TASK STATEMENT
What lines in the following entries hold the word "Magnetic"? Copy each one.

--- RECORD EXTRACTS ---

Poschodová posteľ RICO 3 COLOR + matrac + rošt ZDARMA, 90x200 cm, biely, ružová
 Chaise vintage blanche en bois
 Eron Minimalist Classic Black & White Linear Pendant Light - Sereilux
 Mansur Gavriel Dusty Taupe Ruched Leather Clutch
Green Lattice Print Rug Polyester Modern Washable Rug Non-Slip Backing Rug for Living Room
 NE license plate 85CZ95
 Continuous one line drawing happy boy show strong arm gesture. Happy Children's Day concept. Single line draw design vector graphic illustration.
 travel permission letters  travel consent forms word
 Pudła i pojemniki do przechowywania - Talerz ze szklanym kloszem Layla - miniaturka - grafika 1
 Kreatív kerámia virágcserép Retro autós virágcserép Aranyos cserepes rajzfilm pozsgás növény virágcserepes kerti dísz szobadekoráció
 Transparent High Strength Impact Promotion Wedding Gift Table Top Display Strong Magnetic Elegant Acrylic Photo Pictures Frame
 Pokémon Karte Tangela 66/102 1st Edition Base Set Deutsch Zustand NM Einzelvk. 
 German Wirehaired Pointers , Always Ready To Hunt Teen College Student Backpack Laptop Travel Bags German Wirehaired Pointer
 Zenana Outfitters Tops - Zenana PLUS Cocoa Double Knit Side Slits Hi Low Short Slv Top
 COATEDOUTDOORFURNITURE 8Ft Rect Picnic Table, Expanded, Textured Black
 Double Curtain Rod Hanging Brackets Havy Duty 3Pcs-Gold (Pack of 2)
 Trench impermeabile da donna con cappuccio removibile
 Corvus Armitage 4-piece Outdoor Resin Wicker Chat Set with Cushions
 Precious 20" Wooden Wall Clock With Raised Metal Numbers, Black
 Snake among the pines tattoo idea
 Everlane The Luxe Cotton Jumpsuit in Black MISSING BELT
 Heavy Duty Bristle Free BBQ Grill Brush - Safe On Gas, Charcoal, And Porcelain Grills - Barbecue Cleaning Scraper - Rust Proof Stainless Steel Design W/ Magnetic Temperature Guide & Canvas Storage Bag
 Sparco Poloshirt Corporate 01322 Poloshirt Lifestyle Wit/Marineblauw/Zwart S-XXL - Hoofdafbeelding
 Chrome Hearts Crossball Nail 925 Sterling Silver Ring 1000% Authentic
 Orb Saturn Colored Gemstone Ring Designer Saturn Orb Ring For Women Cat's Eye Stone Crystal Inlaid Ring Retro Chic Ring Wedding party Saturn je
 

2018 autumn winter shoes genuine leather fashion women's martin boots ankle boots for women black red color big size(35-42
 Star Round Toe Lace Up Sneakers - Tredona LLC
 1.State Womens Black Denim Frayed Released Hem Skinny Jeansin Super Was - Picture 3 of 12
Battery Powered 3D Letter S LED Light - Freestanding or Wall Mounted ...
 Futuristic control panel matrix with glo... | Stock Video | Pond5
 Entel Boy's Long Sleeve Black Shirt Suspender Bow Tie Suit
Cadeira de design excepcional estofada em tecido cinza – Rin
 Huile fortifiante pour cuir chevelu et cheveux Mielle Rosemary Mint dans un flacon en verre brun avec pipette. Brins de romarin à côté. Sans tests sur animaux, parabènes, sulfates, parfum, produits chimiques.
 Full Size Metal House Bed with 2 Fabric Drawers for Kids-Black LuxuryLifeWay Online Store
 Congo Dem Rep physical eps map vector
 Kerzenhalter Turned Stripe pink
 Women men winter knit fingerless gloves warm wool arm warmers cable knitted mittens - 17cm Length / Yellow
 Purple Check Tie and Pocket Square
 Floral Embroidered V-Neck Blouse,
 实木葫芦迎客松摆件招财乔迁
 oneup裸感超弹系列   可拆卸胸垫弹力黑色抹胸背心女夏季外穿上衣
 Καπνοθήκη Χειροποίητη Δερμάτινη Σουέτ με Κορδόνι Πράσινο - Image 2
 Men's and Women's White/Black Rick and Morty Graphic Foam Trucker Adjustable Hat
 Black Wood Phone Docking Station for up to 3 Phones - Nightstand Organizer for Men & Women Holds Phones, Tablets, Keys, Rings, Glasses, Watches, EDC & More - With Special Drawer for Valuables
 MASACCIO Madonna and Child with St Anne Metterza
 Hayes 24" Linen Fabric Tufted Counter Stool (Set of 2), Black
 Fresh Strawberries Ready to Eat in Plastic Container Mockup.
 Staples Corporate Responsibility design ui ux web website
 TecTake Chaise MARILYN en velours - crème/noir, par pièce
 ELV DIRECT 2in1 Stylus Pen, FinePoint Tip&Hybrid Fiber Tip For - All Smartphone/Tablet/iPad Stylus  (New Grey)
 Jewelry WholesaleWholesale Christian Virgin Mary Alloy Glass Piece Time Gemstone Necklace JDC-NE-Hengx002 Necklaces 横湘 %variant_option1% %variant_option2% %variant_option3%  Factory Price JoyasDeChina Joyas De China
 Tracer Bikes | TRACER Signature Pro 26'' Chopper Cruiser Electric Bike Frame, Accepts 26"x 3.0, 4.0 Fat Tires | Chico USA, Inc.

---

RESULT BELOW
 Transparent High Strength Impact Promotion Wedding Gift Table Top Display Strong Magnetic Elegant Acrylic Photo Pictures Frame
 Heavy Duty Bristle Free BBQ Grill Brush - Safe On Gas, Charcoal, And Porcelain Grills - Barbecue Cleaning Scraper - Rust Proof Stainless Steel Design W/ Magnetic Temperature Guide & Canvas Storage Bag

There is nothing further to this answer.